All the four indexes are highly significantly associated with cardiovascular risk factors, and subclinical vascular damage measured as IMT. The strength by which the four surrogate indexes correlate with cardiovascular risk factors was similar. Moreover, based on the ROC analysis, LAP, VAI, TyG, and TG/HDL-C ratio indexes are equally fair discriminators of vascular atherosclerosis defined as IMT>0.9 mm because all of them pass the reference threshold of 0.7. By contrast, the ROC analysis indicates that the four indexes are poor discriminators of increased vascular stiffness defined as pulse pressure >60 mm Hg as none of them showed an AUC value higher than 0.7 (table 5).

The present study has some strengths. The main strength is that surrogate indexes were evaluated versus the euglycemic hyperinsulinemic clamp gold standard test in a large sample of subjects of both genders with various degrees of glucose tolerance. All tests including anthropometric measures, OGTT, and euglycemic hyperinsulinemic clamp studies were collected at the same time by a trained staff after a standardized training. Nonetheless, the current study has some limitations that should be considered. First, glucose tolerance by OGTT was only measured once. According to the ADA recommendations,35 one positive test is not sufficient to establish the degree of glucose tolerance, which should be defined on the basis of at least two separate measurements, and therefore, some participants might have been misclassified. Second, endogenous glucose production during clamp studies has not been directly assessed by tracer methods, therefore we cannot firmly exclude that a residual hepatic glucose production occurs in some participants. Furthermore, the study was carried on a European population, and needs to be replicated in other ethnic groups before its widespread applicability. Additionally, the cross-sectional design of the study lacking prospective data impedes any assumption about cause and temporal relationships. Additionally, arterial stiffness was not directly assessed by measuring pulse wave velocity, but pulse pressure was used as proxy of arterial stiffness. And finally, residual confounding by unmeasured factors cannot be excluded.
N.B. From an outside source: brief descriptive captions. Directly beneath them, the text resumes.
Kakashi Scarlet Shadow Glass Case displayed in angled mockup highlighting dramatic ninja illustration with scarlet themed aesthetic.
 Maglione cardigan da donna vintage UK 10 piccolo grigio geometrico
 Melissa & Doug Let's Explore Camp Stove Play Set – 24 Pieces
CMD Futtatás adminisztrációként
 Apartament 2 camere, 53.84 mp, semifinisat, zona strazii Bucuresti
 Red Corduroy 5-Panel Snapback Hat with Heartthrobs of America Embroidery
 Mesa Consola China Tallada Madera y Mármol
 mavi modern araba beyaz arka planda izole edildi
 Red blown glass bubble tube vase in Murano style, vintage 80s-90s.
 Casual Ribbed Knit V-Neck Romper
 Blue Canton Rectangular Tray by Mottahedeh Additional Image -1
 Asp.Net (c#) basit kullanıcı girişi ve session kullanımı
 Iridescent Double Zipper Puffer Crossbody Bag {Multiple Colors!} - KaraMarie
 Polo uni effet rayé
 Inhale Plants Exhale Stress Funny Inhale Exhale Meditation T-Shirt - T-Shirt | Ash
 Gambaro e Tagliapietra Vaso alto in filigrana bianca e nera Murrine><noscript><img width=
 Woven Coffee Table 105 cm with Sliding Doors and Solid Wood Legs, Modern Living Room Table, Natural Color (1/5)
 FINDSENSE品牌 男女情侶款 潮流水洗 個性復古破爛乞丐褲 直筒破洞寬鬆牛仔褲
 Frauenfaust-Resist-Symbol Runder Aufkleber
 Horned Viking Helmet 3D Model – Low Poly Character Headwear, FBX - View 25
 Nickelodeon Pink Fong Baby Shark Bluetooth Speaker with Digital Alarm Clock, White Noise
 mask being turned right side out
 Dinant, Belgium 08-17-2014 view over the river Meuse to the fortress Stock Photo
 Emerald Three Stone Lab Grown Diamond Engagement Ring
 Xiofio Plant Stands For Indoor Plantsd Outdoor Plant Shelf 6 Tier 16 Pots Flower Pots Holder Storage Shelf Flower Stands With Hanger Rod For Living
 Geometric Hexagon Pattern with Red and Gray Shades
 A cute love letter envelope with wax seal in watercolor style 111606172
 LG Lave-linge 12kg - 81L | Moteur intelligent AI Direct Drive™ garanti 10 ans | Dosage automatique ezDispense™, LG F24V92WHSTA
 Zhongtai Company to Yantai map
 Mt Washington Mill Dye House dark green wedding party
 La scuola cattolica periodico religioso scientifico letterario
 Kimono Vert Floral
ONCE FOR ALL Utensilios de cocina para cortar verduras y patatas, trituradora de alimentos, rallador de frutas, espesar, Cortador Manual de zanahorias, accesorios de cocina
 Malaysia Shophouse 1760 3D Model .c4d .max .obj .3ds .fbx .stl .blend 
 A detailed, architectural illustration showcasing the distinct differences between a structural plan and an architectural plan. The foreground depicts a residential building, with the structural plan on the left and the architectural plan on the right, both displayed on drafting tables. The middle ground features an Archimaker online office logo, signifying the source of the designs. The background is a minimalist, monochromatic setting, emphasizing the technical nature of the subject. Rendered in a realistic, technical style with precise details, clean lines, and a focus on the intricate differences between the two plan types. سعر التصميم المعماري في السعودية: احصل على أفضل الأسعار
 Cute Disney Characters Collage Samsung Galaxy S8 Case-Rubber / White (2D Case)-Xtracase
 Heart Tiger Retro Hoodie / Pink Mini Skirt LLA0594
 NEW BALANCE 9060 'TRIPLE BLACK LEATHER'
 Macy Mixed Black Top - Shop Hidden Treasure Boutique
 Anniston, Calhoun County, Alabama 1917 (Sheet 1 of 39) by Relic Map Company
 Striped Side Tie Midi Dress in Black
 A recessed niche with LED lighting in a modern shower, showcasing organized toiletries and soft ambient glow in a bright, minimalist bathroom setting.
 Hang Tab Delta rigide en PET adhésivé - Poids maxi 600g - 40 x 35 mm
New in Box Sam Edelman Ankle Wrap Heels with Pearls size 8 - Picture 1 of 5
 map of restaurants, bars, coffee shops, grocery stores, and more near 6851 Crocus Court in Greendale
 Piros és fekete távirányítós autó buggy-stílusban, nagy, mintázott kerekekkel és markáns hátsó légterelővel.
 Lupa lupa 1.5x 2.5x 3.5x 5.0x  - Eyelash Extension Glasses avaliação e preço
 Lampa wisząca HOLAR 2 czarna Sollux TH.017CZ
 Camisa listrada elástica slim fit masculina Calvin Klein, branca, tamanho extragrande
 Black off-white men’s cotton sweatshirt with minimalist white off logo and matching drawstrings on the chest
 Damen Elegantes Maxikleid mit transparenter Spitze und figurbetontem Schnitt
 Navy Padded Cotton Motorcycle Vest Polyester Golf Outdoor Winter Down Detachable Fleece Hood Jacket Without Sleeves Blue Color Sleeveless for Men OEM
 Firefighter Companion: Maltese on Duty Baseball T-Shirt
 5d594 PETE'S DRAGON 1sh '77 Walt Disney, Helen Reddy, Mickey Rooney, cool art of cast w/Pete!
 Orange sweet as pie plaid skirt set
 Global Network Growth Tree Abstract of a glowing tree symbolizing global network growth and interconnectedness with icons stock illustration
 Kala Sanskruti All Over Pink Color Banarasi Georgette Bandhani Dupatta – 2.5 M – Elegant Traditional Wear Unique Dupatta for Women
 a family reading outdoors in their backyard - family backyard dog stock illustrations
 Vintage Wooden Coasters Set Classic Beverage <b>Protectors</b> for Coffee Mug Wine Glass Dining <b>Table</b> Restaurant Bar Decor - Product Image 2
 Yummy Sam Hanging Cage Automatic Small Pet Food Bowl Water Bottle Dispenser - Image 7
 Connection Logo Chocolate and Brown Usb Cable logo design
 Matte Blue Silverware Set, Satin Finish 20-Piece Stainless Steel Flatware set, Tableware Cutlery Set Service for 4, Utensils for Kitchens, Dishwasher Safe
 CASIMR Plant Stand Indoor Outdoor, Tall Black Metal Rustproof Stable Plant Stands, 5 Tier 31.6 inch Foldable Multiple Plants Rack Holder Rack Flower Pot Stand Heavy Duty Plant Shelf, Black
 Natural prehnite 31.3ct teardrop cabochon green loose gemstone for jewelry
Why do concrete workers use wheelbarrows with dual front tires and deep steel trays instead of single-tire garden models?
In conclusion, the findings of the present study suggest that LAP index is a more reliable discriminator of insulin resistance in clinical settings as compared with VAI, TyG, and TG/HDL-C ratio indexes. The better ability of LAP index to identify individuals with insulin resistance compared with the other surrogate measures may, of clinical relevance, be due to the fact that it is based on inexpensive measurements of waist circumference and TGs easily available in clinical practice, which are also accessible in high-risk groups of undeveloped countries for estimating insulin resistance.